Summary: A series of potash-soda-felspars of the orthoclase-microperthite type, selected with increasing soda-contents up to 60 %, have been examined and found to exhibit a progressive relationship between chemical composition and physical properties. Albite (Ab97An2Or1) conforms in physical properties to the soda end-member of the series.
Adularia and microcline do not strictly belong to the series, the optic axial angle 2V and the birefringence γ - β being too high. On the other hand, the sanidines and anorthoclase felspars have lower refractive indices and a lower optic axial angle than orthoclase-microperthites of corresponding composition.
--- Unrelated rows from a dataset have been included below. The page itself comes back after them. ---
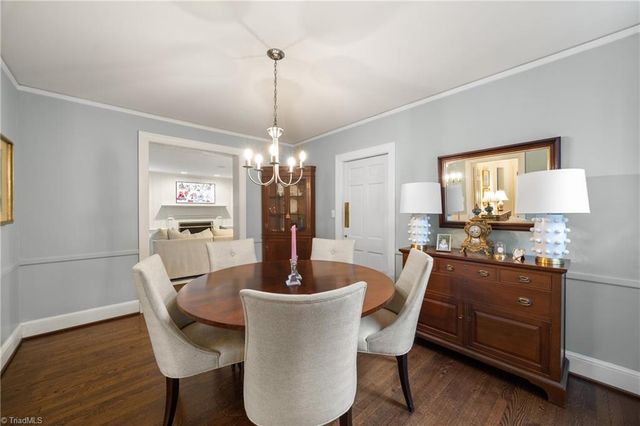 2540 Buena Vista Road, Winston-salem, NC 27104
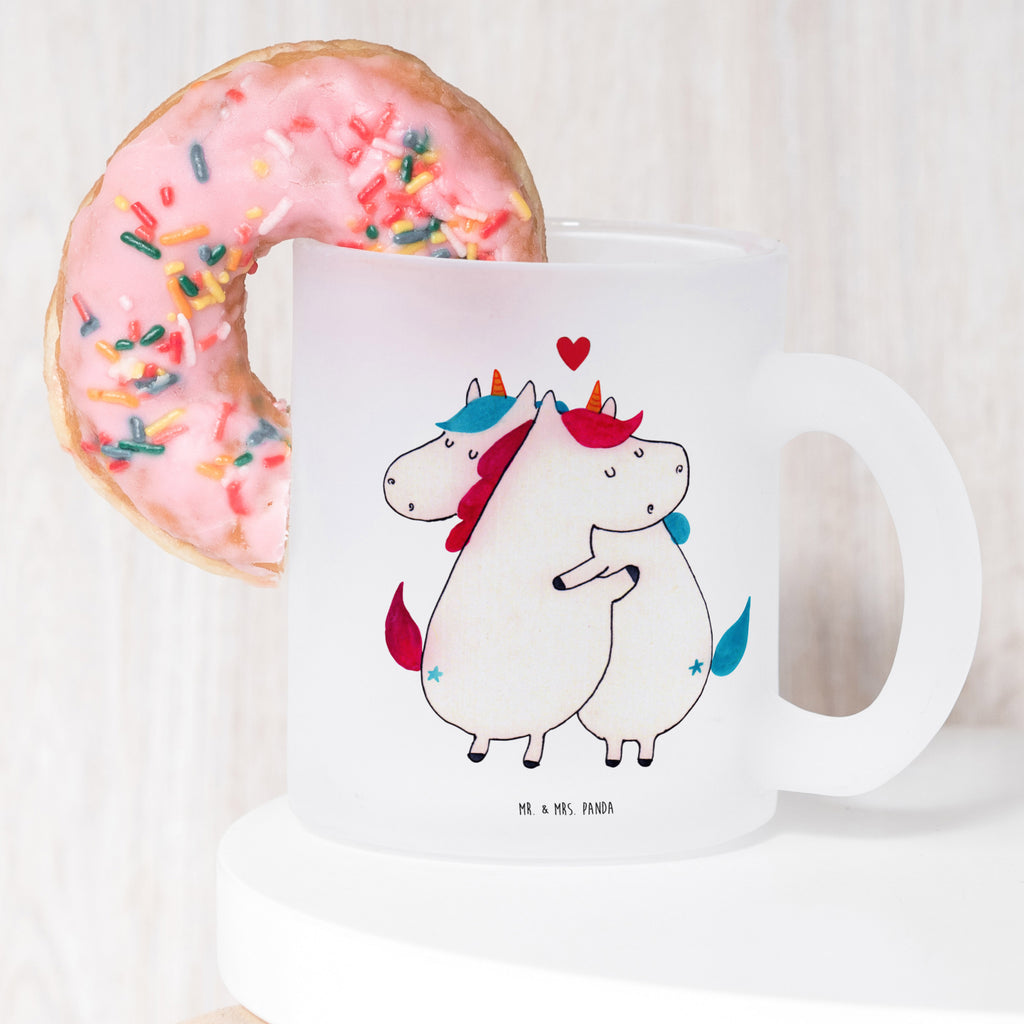 Teetasse Einhorn Mitteilung glastasse, becher glas, Becher, Teetasse, Teegläser, Teetasse aus Glas, tasse glas, Tasse, getränkeglas, Teeglas, Glasbecher, becher für tee, Tee Tasse, Tasse Für Tee, Große Teetasse, Teetasse Glas, Trinkglas, Glas Teebecher, Unicorn, Einhorn, Einhörner, Einhorn Deko, Ehe, Liebe, Valentine, Witzig, Partner, Geschenk, Spruch, Valentinstag, Lustig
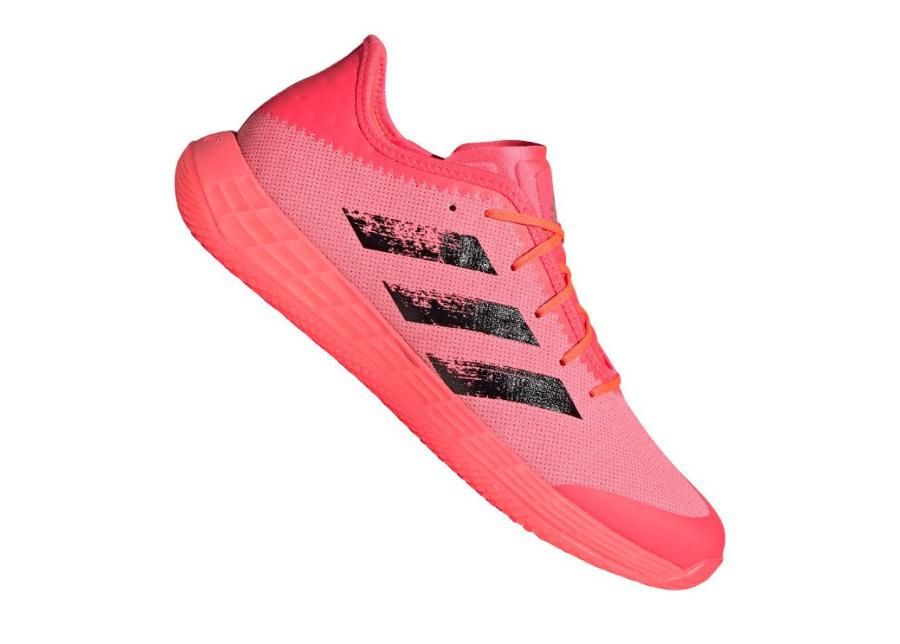 Meeste võrkpallijalatsid Adidas Adizero FastCourt Tokyo M FX1771 suurendatud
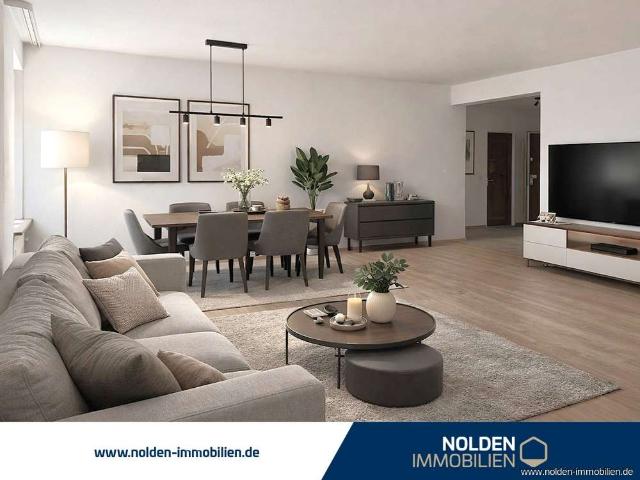Wohnung zum Kaufen in Mannheim 425.000,00 EUR 106.24 m²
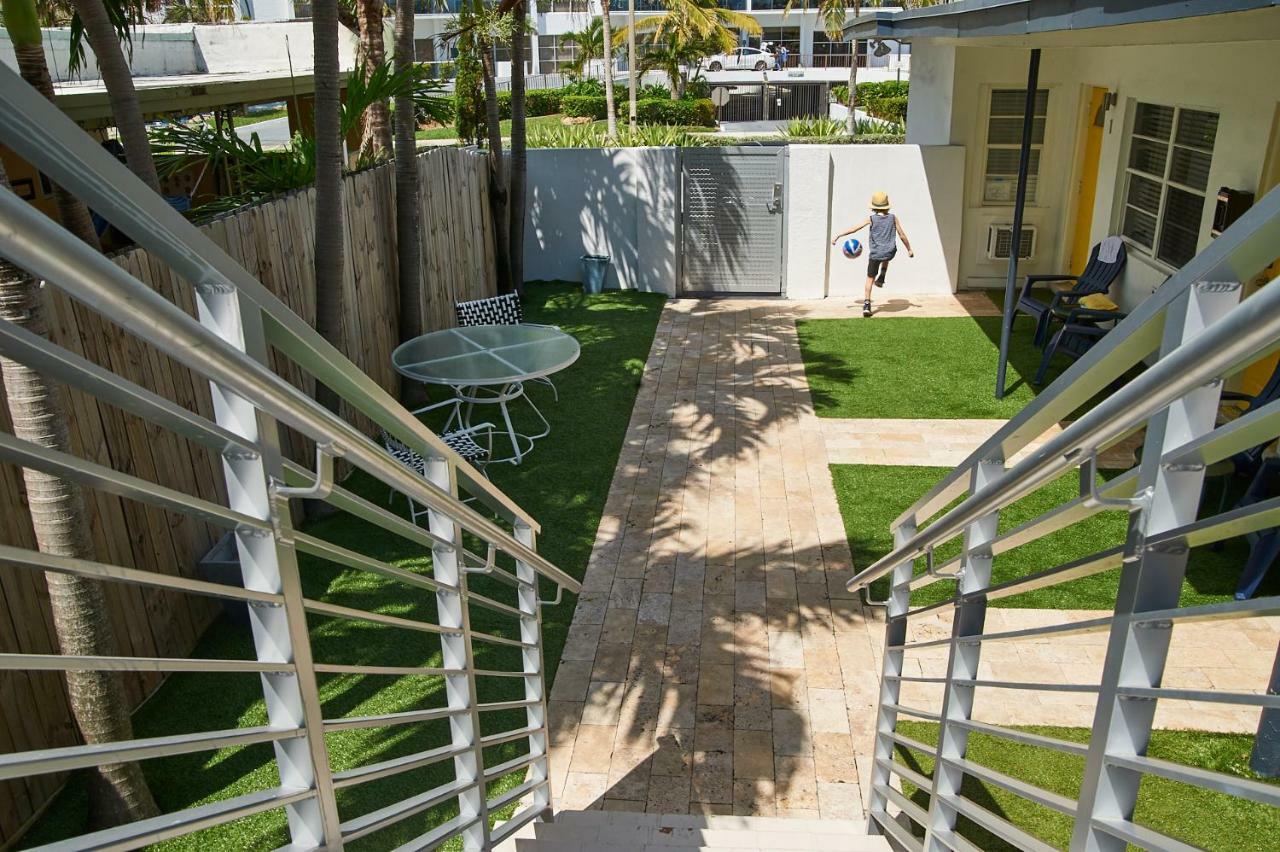 Lambert Family - Unit 1 Apartment Fort Lauderdale
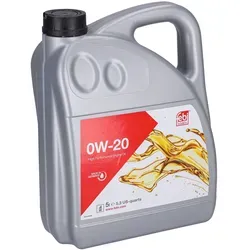 Febi Bilstein Motoröl 177651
This low optic axial angle is the result of relatively rapid cooling through the temperature range of 1050–900° C., and the ensuing modification of the internal structure enables the felspar to hold the soda-component in complete solid solution on further cooling through the perthite exsolution temperature range (850–350° C.), however slow the cooling through that range may be.
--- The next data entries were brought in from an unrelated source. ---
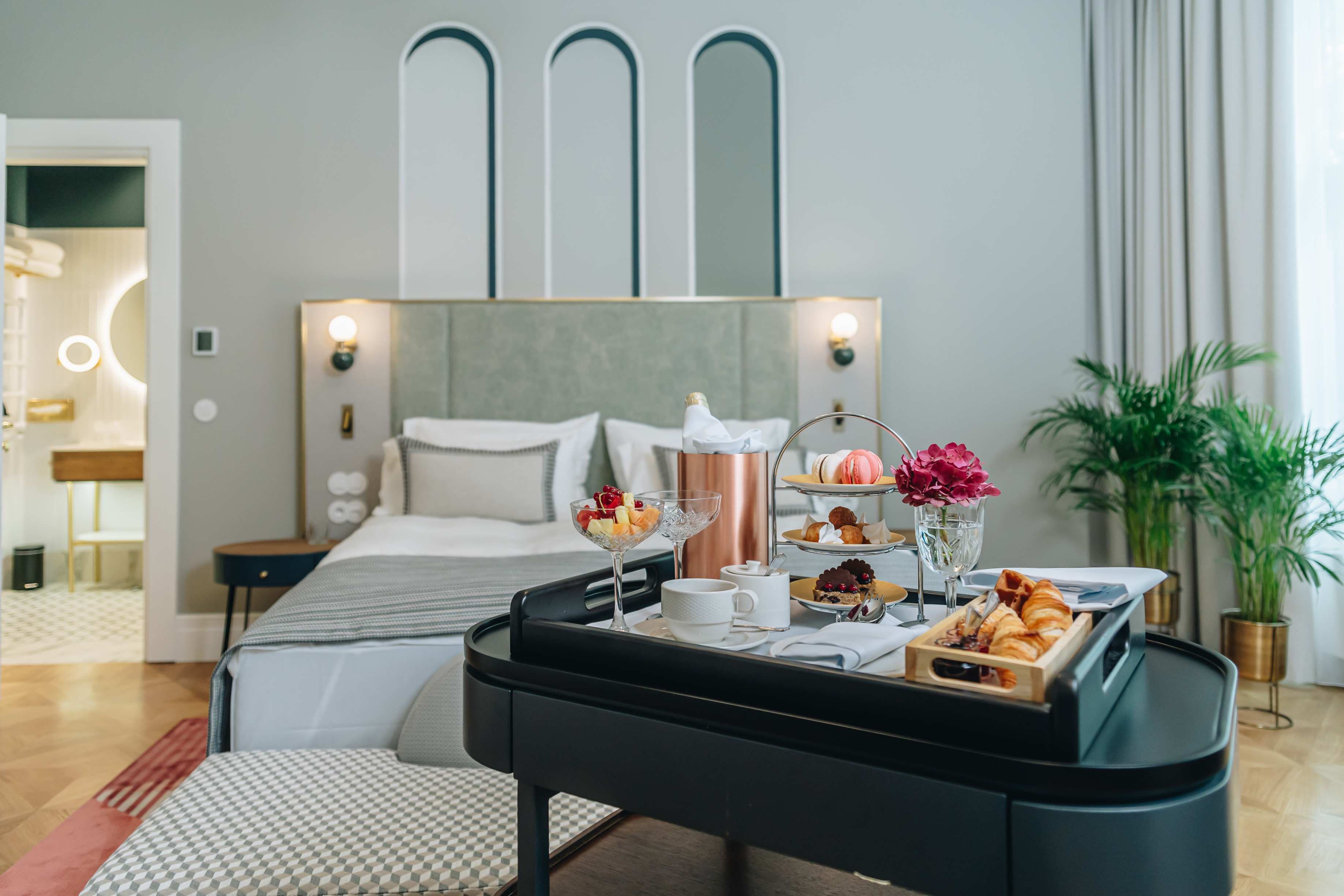 Altus Palace Ansicht 5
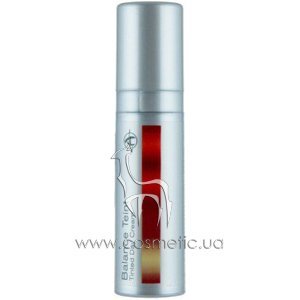 ������� ���� � �������� ��������� ������ Alcina Tinted Day Cream
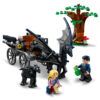 LEGO Harry Potter Hogwarts Carriage and Thestrals 7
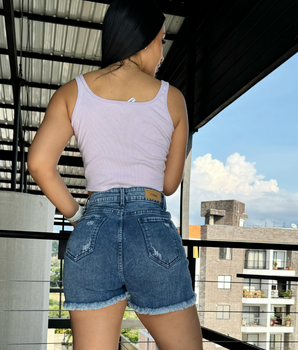 SHORT DAMA 13509-00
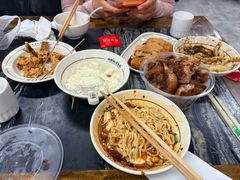 -西月城谭豆花(春熙路店)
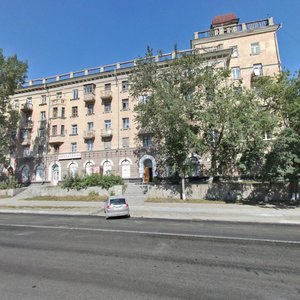 Fabrichnaya ulitsa, 8, Novosibirsk: photo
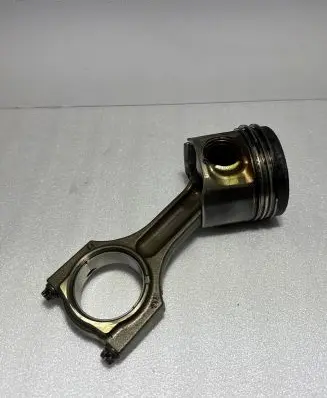 BMW 6 F12 F13 Piston with connecting rod 11248508023 11257812585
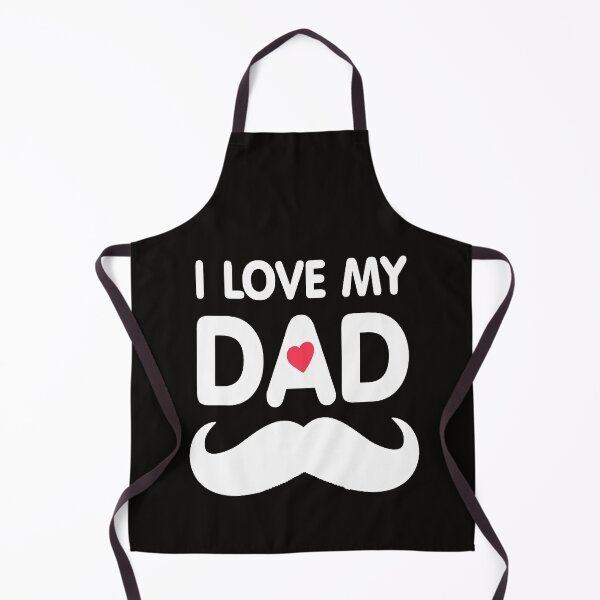 Item preview, i love my dad designed and sold by virilamissa.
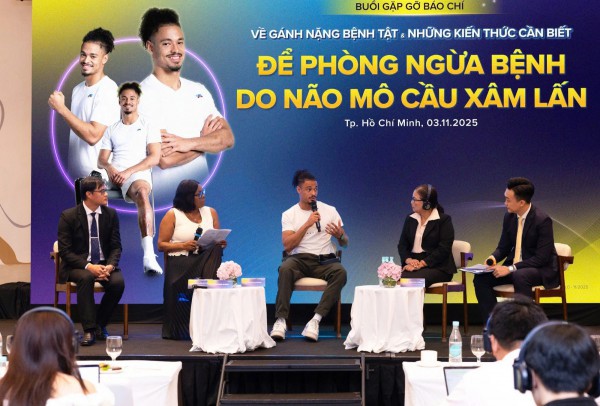 Viêm màng não do não mô cầu: Nguy cơ bùng phát và di chứng khó lường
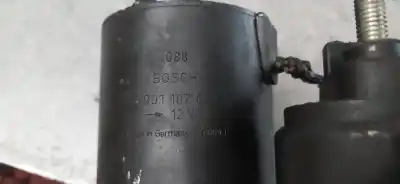 Second-hand car spare part starter motor for toyota corolla (e12) 2.0 d-4d linea sol berlina oem iam references 0001107077  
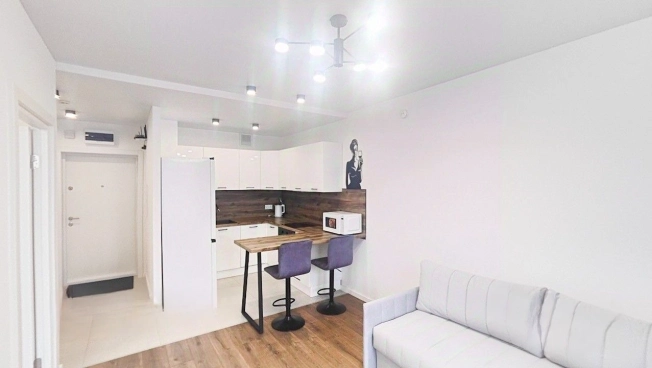 Купить квартиру в районе Ленинский в Новосибирске. Вариант № 10267112, 3, площадь - квм, цена 6300000 рублей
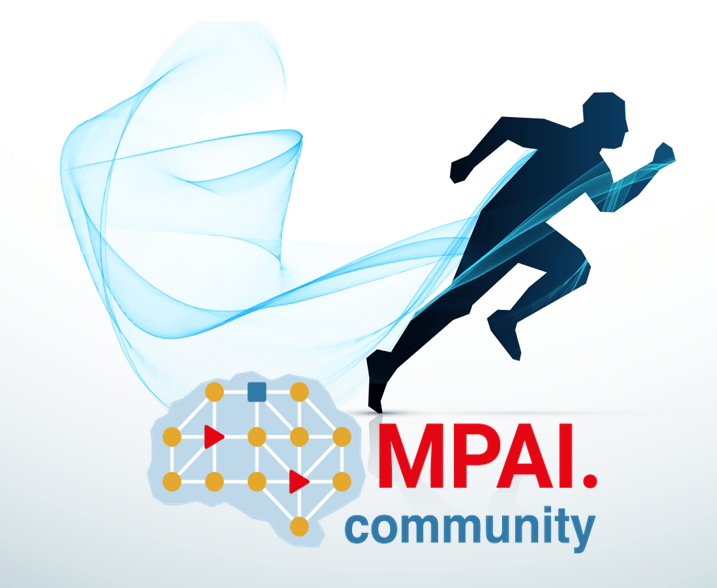 You are currently viewing MPAI is running at full speed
The microperthite of the orthoelase-microperthite series is of the exsolution type, and can be taken into solid solution again by heating for some time to 750–800° C followed by rapid cooling.
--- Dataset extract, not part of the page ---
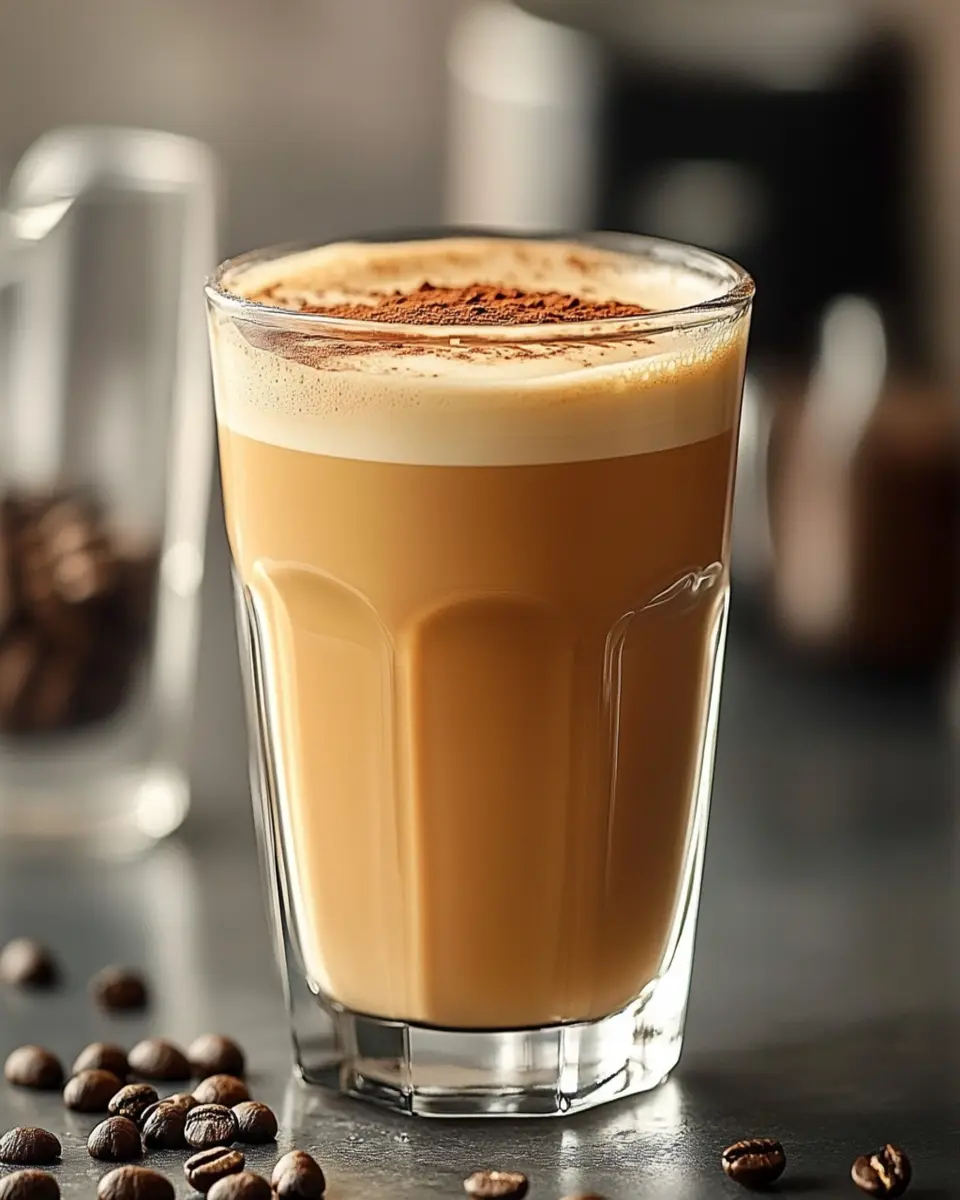 Bulletproof Coffee Recipe First Image First Image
At the same time, the schiller is more or less destroyed, and the specific gravity and the refractive indices are reduced, the reduction being roughly proportional to the amount of microperthite taken into solution. Providing that the optic axial angle has not been reduced by prolonged heating at high temperatures, the microperthite may be in part reprecipitated by very slow cooling; the schiller and microperthite structure reappear and the drop in specific gravity and refractive index are in part restored.
In all cases where the optic axial angle is normal and microperthite exsolution complete, the angle remains unaltered during the refractive index changes which accompany the solution of the microperthite on heat-treatment. If the optic axial angle is sub-normal and exsolution of the microperthite is incomplete—as withKorea moonstone, etc.—the solution of the microperthite is accompanied by a slight rise in the axial angle.
Recent X-ray examination of felspar structures has led to the suggestion that microperthitie exsolution represents a local segregation of the sodium and potassium ions within the silica-alumina framework followed by a contraction and slewing of the framework in the areas rich in sodium ions. This view explains the relative ease with which the microperthitie changes can be brought about on heating.
The optic axial angles of potash-soda-felspars are reduced by prolonged heating at high temperatures. Specimens with less than 40 % of soda-felspar can be completely ‘sanidinized’ or converted into the abnormal type of felspar with the optic axial plane parallel to the plane of symmetry. The equilibrium value of the optic axial angle, for a temperature of 1075° C., depends on the chemical composition, the relationship being approximately linear between 2V 60° (0 % soda-felspar) and 2V 0° (40–45 % soda-felspar). Microcline can be converted to the abnormal form by heating at 1075° C. for a long period; at the same time the cross-hatch twinning is destroyed.
Attempts to reverse this process and to restore the original optic axial angles to ‘sanidinized’ felspars, by cooling them very slowly through the high-temperature range, have not given positive results, but the indications are that a part of the change may be reversible in laboratory cooling times.
In conclusion, I wish to thank Professor P. G. H. Boswell for his help and advice and Mr. R. Walls of the Imperial College of Science and Technology, London, for assistance in the preparation of this paper; also members of the Geological Survey of India, especially Sir Lewis Fermor and Dr. J. A. Dunn, for their kind help and criticism; and Messrs. K. B. Sen and B. P. Gupta, of Messrs. Bird & Co., Calcutta, for much help with the chemical analyses and physical determinations.